Why are they all straight shreds? Bad guys don't know how to go to Staples.com and buy a Diamond shredder? Sure, it's useful to be able to decode those but if you're going to throw $50,000 on the table why not at least ask for something slightly more sophisticated than aligning what are essentially rectangles.

I wouldn't be surprised if someone out there makes a cheap consumer grade shredder with some shape more obnoxious than diamonds too...


Bad guys don't know how to go to Staples.com and buy a Diamond shredder?

Staples.com doesn't actually carry diamond-cut shredders. At least, none that I can find.

The smallest shred size I can find there is 3.175mm x 9.525 mm. By comparison, the document in the fifth puzzle is taken from a legal pad (8.7 mm line spacing), and the shreds are only a little bit longer. Would the shape really make that much of a difference at this scale?


I'm no expert, but I'd say having shreds for which the orientation is not as obvious makes the problem much harder. Add to that the amount of work necessary to get a clean image of the thousands of particles a page produces...
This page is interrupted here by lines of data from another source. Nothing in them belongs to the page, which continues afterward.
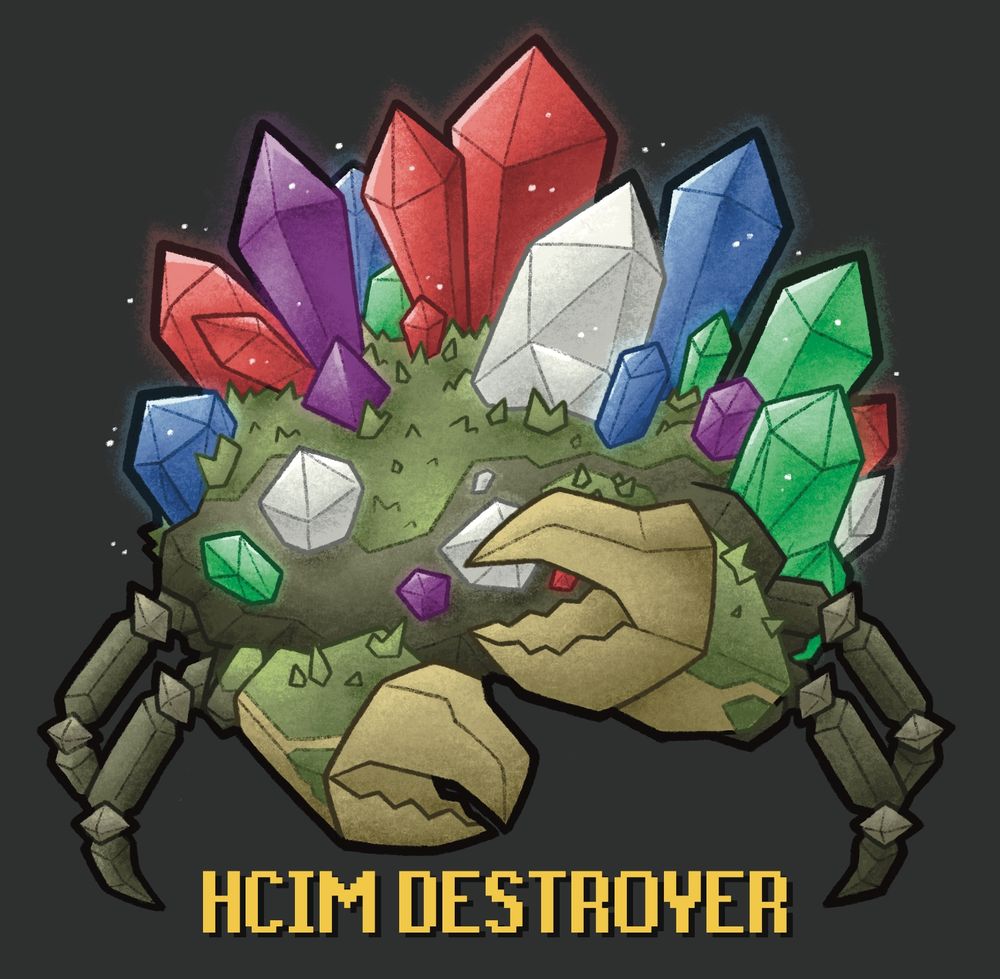 drawing of the gemstone crab from OSRS with the text "HCIM Destroyer" underneath it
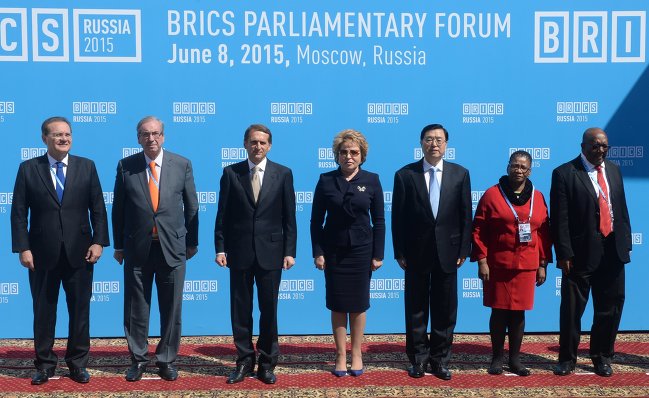 Zhang Dejiang chairman of the Standing Committee of the Chinese Parliament   (seen here 3rd from the right) at the BRICS Parliament forum in Moscow, Russia on 8 June 2015 [Image: BRICS2015.ru]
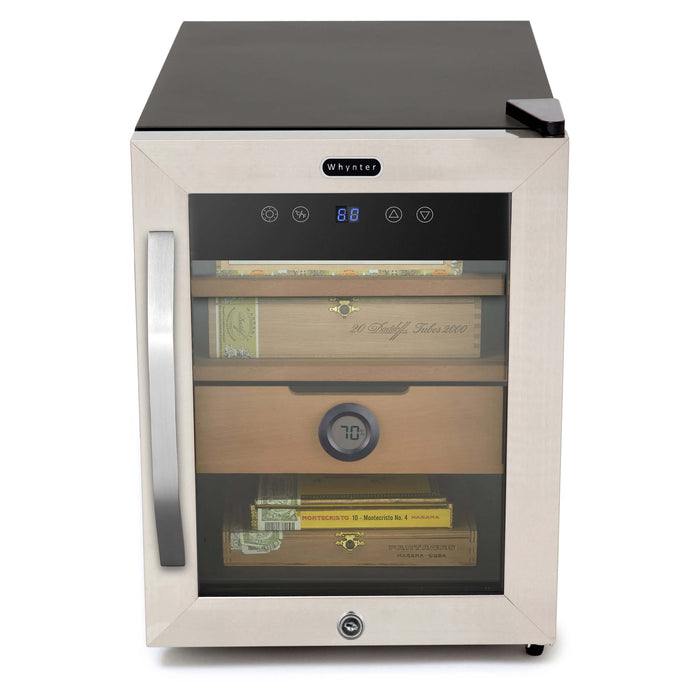 Whynter - 1.2 cu. ft. Stainless Steel Digital Control and Display Cigar Humidor with Spanish Cedar Shelves | CHC-123DS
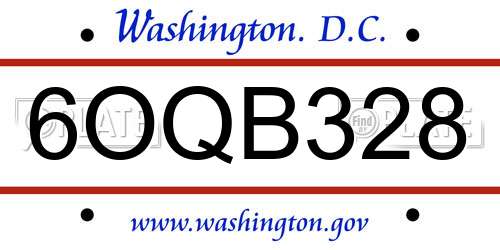 6OQB328 District Of Columbia License Plate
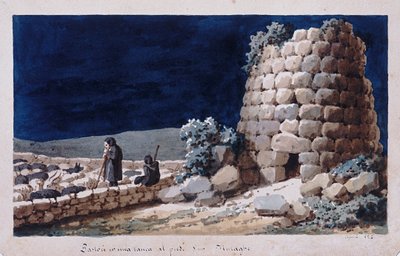 Pastores sardos cerca de un nuraga, impresión ms. 257, Colección Cominotti, c.1825 de Italian School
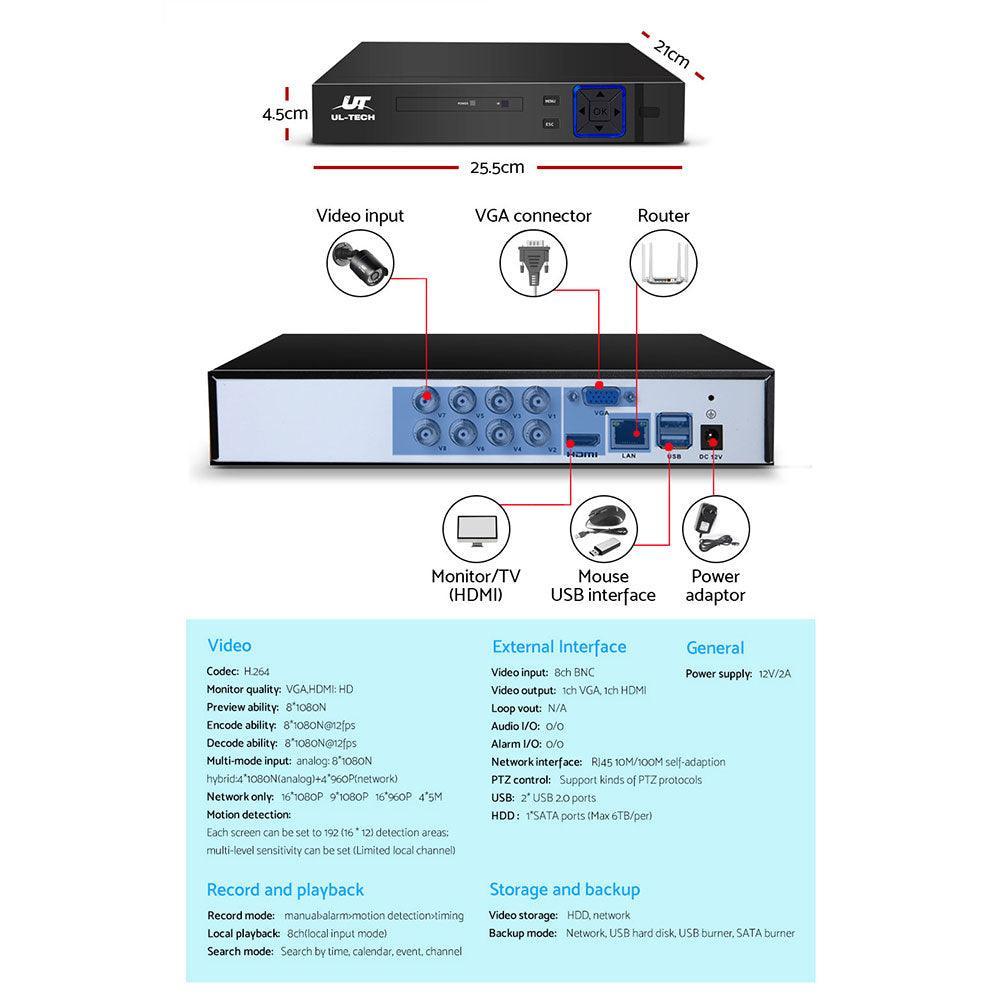 UL Tech 1080P 8 Channel HDMI CCTV Security Camera - John Cootes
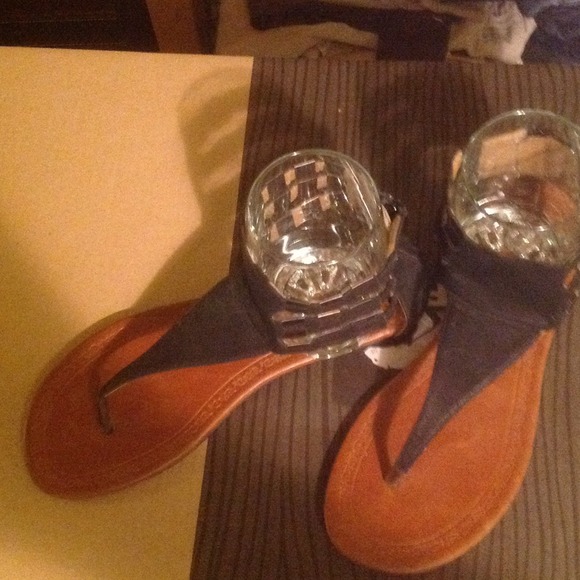 Henry Ferrera Black Thong Sandals, Size 10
Amazon sells relatively cheap security level 4, and rather expensive security level 6 shredders.


I'm really interested in seeing the algorithms and implementation behind the solutions.
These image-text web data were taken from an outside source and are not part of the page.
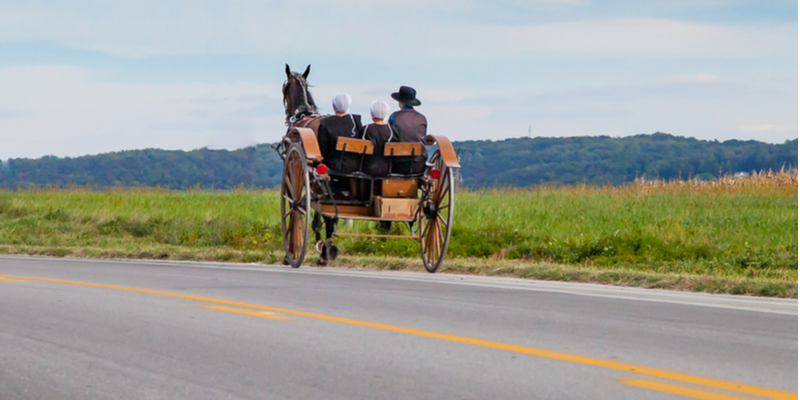 Una famiglia di Amish per le strade della Pennsylvanya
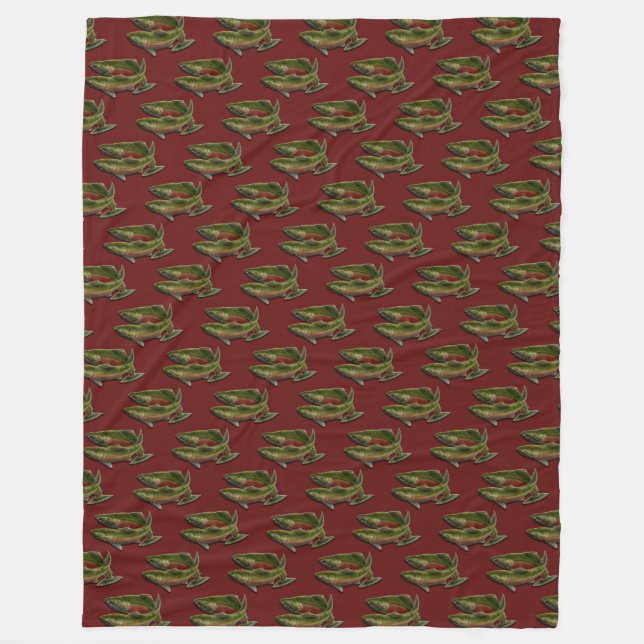 Manta Polar Pescado en blanco Salmon Fleece Blanket (Anverso)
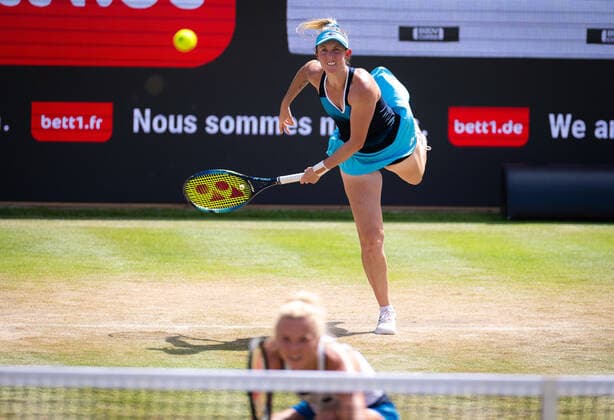 June 18, 2022, BERLIN, GERMANY: Storm Sanders of Australia & Katerina Siniakova of the Czech Republic in action during the doubles semi-final of the 2022 bett1Open WTA, Tennis Damen 500 tennis tournament BERLIN GERMANY - ZUMAa181 20220618_zaa_a181_035 Copyright: xRobxPrangex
The third place guy posted an explanation of his algorithms here: http://www.marcnewlin.com/2011/12/you-should-probably-start-... I was on the winning team and we have been writing up our algorithms too. Hopefully we'll be able to post them soon.
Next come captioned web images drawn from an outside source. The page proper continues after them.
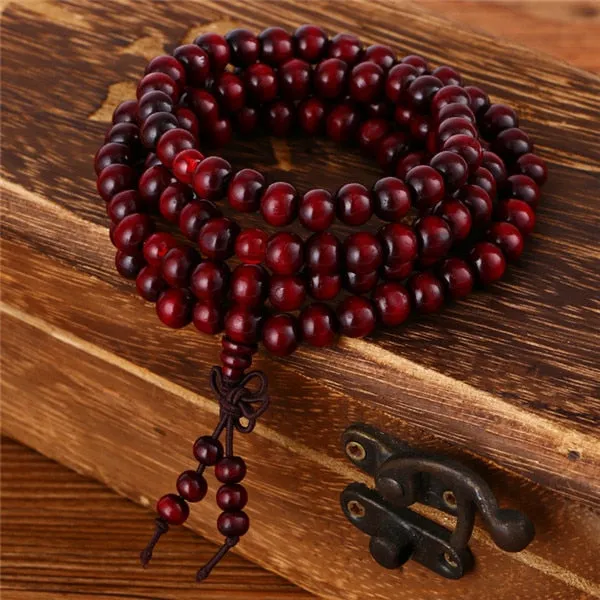 Trendy 8mm 108 Natural Wooden beads Tibetan Buddhist Meditation Bracelet For Men or Women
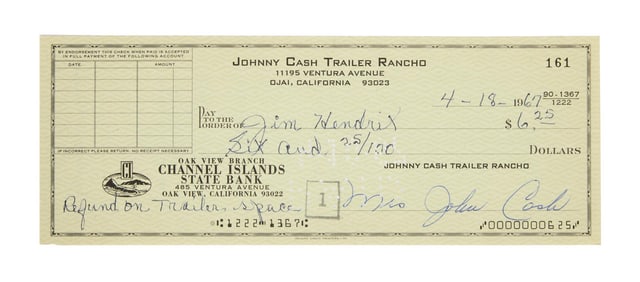 Johnny Cash | 1967 Trailer Rancho Check To Jimi Hendrix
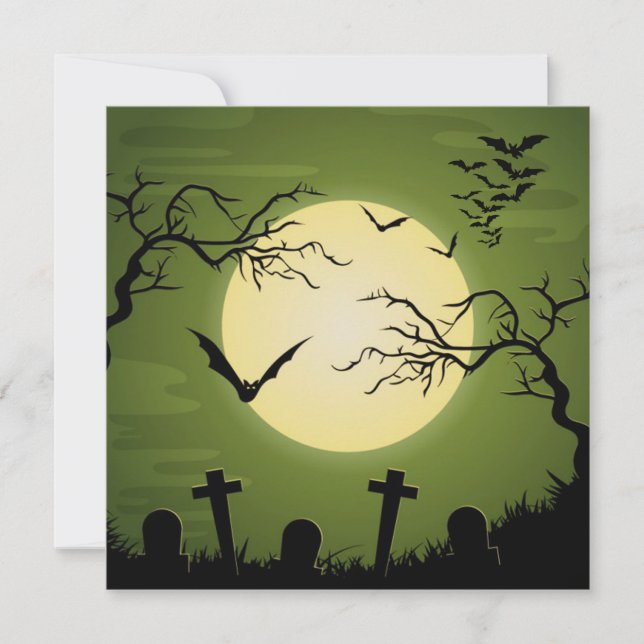 Invitación Dulce de Halloween Dieciséis sombreros negros verd (Anverso)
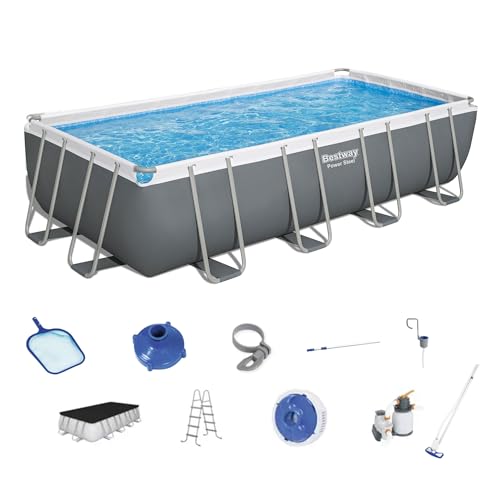 Bestwaypowersteel18x9x48rectangularabovegroundswimmingpoolsetmetalframefamilypoolwithsandfilterpumpskimmerandvacuumwhite Urban Country Home Decor Bestway power steel 18 x 9 x 48 rectangular above ground swimming pool set metal frame family pool with sand filter pump skimmer and vacuumwhite urban country home decor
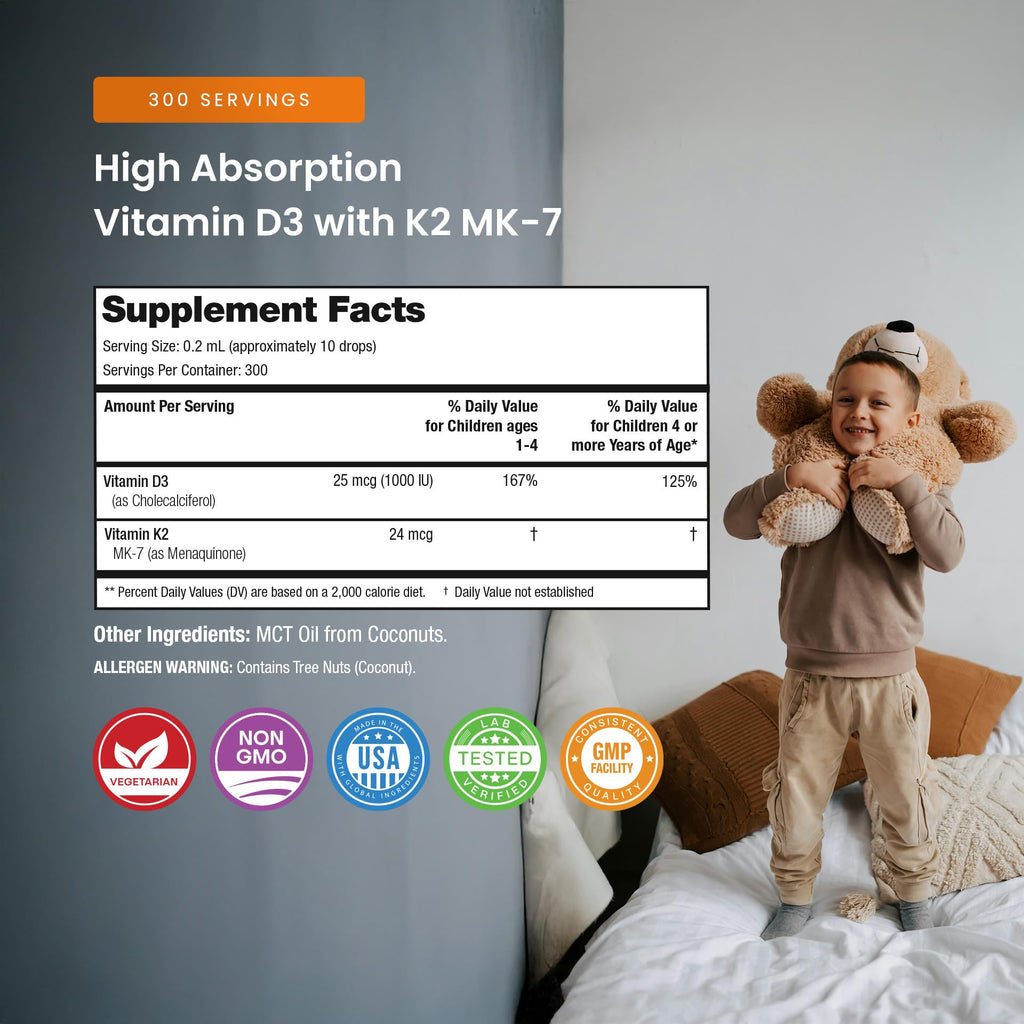 NutraChamps Kids Vitamin D 3 K2 Drops, Vitamin D3 & K2 MK-7, Liquid Vitamin D for Kids 1000 IU, Healthy Bones, Heart & Immune System, - FENGGESTORE20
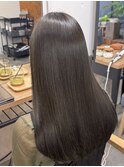 ホワイトグレージュミニウルフデジタルパーマチェリーブラウン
I supose I can save the money for a new shredder now. Home incinerators for the rescue?


This is not a solved problem by any means. I finished in the top ten, and most competitive teams used a combination of image processing for chad suggestion and brute force. It required hundreds of man hours to reassemble just a handful of documents under controlled conditions.

Imagining a real-life scenario of dozens or hundreds of documents mixed together in a shredder bin makes my head hurt.

So, I wouldn't worry too much about your shredded docs just yet.


I guess that the use of sensitive documents rules out Mechanical Turk or a game version for the real work, but I'd be interested to see what turkers could do.


One team used a crowd sourced "game" method with some success. They had thousands of people register, and were able to solve the first few problems quickly, but they began to stall on the more complex puzzles.

I was surprised to find that this method doesn't scale well when the puzzle reaches a certain size.


Burn all your shredding Write with invisible ink (lemon juice, ACME Brand , etc...) Small font, tight spacing.

;-)


I'd be impressed if they could reassemble a shreded CD or DVD.